Using a 1/4 cup measuring cup, add your batter to the pan right after the coconut oil is melted (that only takes about 10 seconds.) Important! Set your kitchen timer for 2 minutes. I cook them on the first side for two minutes to allow them to properly set. Check them at 1:45 minutes, but don’t try to flip them too early. Once you get the hang of it you’ll know when to flip.
A few of you have asked about my pan. I saved my pennies for a Le Creuset Cast-Iron Reversible Griddle/Grill Pan–it’s absolutely phenomenal and a lifetime piece. Some people want fancy shoes; I want fancy kitchen gear. I use the flat side with coconut oil recipes, and grooved side for other cooking. It’s a special gem and if you’re looking to invest I highly recommend it. I believe it’s offered for a good price in the Williams-Sonoma website and if you sign up for their mailing list you can get a 15% off code. All that said, a Lodge cast iron skillet pan is around 20 bucks and will also last a lifetime when properly cared for. You can find one at just about any home or hardware store.
Once they’re set (again, about 2 minutes give or take 10–15 seconds) use a spatula big enough to get under the entire pancake and flip them over. Cook another minute and a half (give or take 10–15 seconds) for the perfect 2-ingredient pancake.
Stack ’em up! If you want, drizzle the top with 1 tablespoon of raw honey or pure maple syrup and 1/2 cup berries.
Easy on the sugar to keep them healthy, and read the ingredients. Only 100% real maple syrup–most pancake syrup is corn syrup with maple favor added to it (gross!). Honey is also delicious on these pancakes, look for raw honey as it will be less processed and have a lower glycemic index than processed honey. The label will indicate raw.

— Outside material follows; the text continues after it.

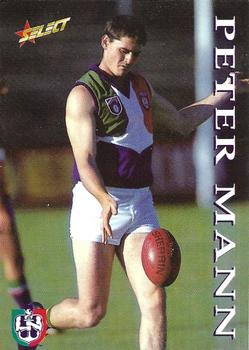 1995 Select AFL #231 Peter Mann Front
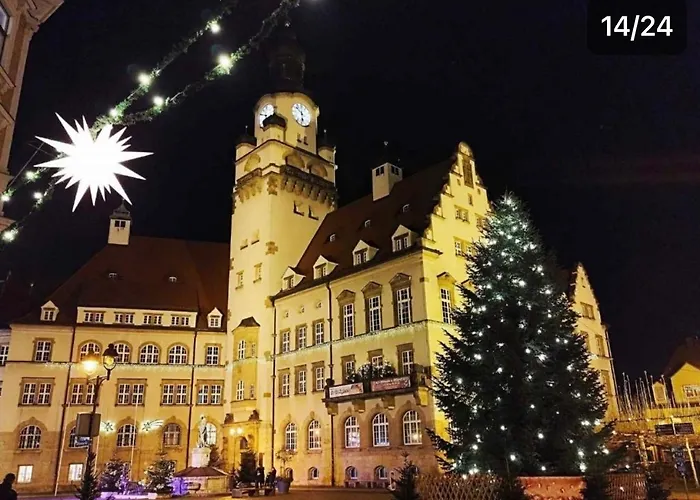 شقة Apartmenthaus Zentrum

If fresh berries aren’t in season I use frozen berries that I set out before I start cooking to let them defrost.
Next, eat up! Enjoy your delicious and healthy creation. If you fancy, they’ll keep in the refrigerator for a day, so make two batches to save time the next morning.
Let your pan cool. Scrape it with a rubber spatula and wipe it out. NEVER use soap on cast iron. The more you cook in it the better it gets. That’s called “seasoning” the pan. If you ever need to wash it, use hot water and course salt, but never soap, and make sure you get it fully dry so it doesn’t rust. When I occasionally scrub mine with salt, after I dry it put it back on the stove (dry and empty) and heat it to high for 5 minutes just to make sure it’s extra dry. Leave it on the stove (heat off) for a few hours to cool back down before you store it. Cooking in cast iron is a little bit of a dance, but once you get it and the pan is seasoned it’s super quick and easy because it doesn’t need to be washed; just remove any visible food bits and store the pan in a cabinet.